Each row is a namespace. Processes in the same namespace share the same namespace ID.

Entering a Namespace: `nsenter`

Now you’re running something inside a container namespace (maybe via Docker). How do you inspect it from the host? You jump into its namespace with nsenter.

# Container is running (PID 12345 on the host)
$ nsenter --target 12345 --pid --mount --uts --ipc --net bash

# You're now running a bash inside the container's namespaces
# But you're still logged in as your host user (not the container process)
# This is incredibly useful for debugging: you can inspect the container's
# filesystem, network, and process tree without relying on tools inside the container

nsenter is your debugging superpower. If a container is wedged and you can’t exec into it, nsenter lets you jump into its namespace directly from the host.

User Namespaces and Privilege Escalation

Here’s where it gets clever (and slightly scary): the USER namespace.

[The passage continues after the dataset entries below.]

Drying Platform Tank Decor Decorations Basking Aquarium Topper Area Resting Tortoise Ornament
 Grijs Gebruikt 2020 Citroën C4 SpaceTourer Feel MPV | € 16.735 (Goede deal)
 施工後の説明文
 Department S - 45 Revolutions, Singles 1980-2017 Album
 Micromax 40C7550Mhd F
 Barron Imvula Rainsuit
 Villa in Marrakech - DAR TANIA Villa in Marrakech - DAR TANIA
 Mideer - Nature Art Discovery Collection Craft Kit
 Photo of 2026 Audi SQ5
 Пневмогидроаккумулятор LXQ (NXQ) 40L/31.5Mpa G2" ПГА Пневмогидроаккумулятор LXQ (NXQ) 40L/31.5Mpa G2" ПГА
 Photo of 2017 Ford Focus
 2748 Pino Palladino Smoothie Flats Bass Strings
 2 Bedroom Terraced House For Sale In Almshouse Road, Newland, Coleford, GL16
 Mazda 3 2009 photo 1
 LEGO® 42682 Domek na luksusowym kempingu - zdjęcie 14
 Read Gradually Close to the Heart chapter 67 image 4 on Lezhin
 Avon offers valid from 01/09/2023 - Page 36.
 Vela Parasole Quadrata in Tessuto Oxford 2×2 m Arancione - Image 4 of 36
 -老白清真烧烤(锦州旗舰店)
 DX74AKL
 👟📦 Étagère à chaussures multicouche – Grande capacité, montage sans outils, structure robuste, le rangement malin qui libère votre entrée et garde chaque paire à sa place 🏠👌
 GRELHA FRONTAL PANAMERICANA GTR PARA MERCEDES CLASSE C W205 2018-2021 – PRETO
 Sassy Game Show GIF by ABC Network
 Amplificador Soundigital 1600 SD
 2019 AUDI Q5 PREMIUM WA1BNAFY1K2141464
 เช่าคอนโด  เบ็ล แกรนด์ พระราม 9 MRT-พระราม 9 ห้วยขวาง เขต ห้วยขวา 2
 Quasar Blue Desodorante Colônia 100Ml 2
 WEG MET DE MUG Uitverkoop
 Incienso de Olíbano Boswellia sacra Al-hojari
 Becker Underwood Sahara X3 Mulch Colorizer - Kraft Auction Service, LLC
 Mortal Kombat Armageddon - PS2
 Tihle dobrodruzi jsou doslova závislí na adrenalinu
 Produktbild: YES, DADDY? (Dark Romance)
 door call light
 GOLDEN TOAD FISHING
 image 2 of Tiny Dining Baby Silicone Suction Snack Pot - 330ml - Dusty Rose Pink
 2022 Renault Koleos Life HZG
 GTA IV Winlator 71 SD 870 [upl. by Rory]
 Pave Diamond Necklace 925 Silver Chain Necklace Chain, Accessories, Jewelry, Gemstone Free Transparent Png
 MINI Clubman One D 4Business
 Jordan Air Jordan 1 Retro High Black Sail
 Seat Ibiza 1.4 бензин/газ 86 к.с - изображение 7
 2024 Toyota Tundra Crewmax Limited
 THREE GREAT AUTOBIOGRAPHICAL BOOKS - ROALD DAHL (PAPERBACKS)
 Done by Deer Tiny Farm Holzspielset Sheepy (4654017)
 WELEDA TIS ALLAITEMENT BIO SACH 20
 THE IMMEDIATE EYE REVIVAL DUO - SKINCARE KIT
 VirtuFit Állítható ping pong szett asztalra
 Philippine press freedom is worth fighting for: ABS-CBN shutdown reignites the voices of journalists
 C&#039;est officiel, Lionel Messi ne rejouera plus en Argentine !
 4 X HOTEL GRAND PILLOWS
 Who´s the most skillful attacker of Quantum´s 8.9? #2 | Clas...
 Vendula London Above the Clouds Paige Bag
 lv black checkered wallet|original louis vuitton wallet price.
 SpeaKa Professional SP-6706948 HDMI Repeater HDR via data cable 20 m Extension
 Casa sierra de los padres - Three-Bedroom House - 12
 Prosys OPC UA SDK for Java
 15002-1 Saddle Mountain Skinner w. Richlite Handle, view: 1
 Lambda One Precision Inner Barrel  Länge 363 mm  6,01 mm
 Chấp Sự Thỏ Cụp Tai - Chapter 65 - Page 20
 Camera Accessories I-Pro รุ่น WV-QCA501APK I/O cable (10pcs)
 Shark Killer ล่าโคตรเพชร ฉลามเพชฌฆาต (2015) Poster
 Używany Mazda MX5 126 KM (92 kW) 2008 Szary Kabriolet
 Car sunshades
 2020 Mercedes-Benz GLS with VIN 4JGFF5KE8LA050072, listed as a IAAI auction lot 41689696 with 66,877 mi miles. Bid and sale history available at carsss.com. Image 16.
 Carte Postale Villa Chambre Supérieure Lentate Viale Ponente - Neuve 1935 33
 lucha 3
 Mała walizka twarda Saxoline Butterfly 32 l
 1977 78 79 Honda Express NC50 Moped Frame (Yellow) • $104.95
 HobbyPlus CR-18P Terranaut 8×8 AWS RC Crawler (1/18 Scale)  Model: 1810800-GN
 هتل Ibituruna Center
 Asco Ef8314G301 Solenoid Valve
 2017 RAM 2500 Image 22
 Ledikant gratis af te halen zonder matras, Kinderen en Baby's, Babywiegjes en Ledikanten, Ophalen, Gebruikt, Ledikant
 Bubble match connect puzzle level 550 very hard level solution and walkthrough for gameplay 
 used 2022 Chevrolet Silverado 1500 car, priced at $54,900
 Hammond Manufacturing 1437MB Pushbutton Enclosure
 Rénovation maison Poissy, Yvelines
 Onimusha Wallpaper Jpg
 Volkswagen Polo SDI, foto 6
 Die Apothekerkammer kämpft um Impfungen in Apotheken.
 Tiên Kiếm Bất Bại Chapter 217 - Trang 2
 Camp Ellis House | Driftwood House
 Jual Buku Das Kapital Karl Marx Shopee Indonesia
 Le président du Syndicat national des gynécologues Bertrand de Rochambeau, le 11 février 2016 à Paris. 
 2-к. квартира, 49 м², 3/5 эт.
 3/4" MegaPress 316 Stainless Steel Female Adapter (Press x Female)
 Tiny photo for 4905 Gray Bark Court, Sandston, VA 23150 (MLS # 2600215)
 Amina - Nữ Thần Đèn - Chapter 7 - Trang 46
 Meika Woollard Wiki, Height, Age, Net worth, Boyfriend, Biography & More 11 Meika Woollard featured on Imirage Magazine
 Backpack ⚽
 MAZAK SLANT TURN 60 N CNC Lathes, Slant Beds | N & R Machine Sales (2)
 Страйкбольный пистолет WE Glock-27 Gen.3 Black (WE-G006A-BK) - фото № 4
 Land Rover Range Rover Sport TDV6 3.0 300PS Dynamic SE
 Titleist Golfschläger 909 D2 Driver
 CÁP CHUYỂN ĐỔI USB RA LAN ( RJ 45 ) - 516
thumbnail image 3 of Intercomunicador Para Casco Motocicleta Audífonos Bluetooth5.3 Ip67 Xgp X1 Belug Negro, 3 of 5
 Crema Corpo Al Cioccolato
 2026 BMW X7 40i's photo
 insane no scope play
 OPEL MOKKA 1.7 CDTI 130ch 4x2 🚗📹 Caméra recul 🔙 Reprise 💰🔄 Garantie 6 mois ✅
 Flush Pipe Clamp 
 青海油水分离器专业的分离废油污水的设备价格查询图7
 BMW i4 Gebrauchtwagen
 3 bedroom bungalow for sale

A USER namespace maps UIDs inside the namespace to different UIDs on the host. The canonical example:

# On the host, you're user 1000
$ id
uid=1000(you) gid=1000(you) ...

# Inside a USER namespace, you can become root (UID 0)
# and the host only sees you as UID 1000
$ unshare --user --map-root-user bash
root@host:/home/you# id
uid=0(root) gid=0(root) ...

# But on the host, the process is still 1000
$ ps aux | grep bash
you      18394  ...  bash

This is powerful for security. A process that manages to break out of a USER namespace and become root inside is just an unprivileged user on the host. It can’t actually escalate.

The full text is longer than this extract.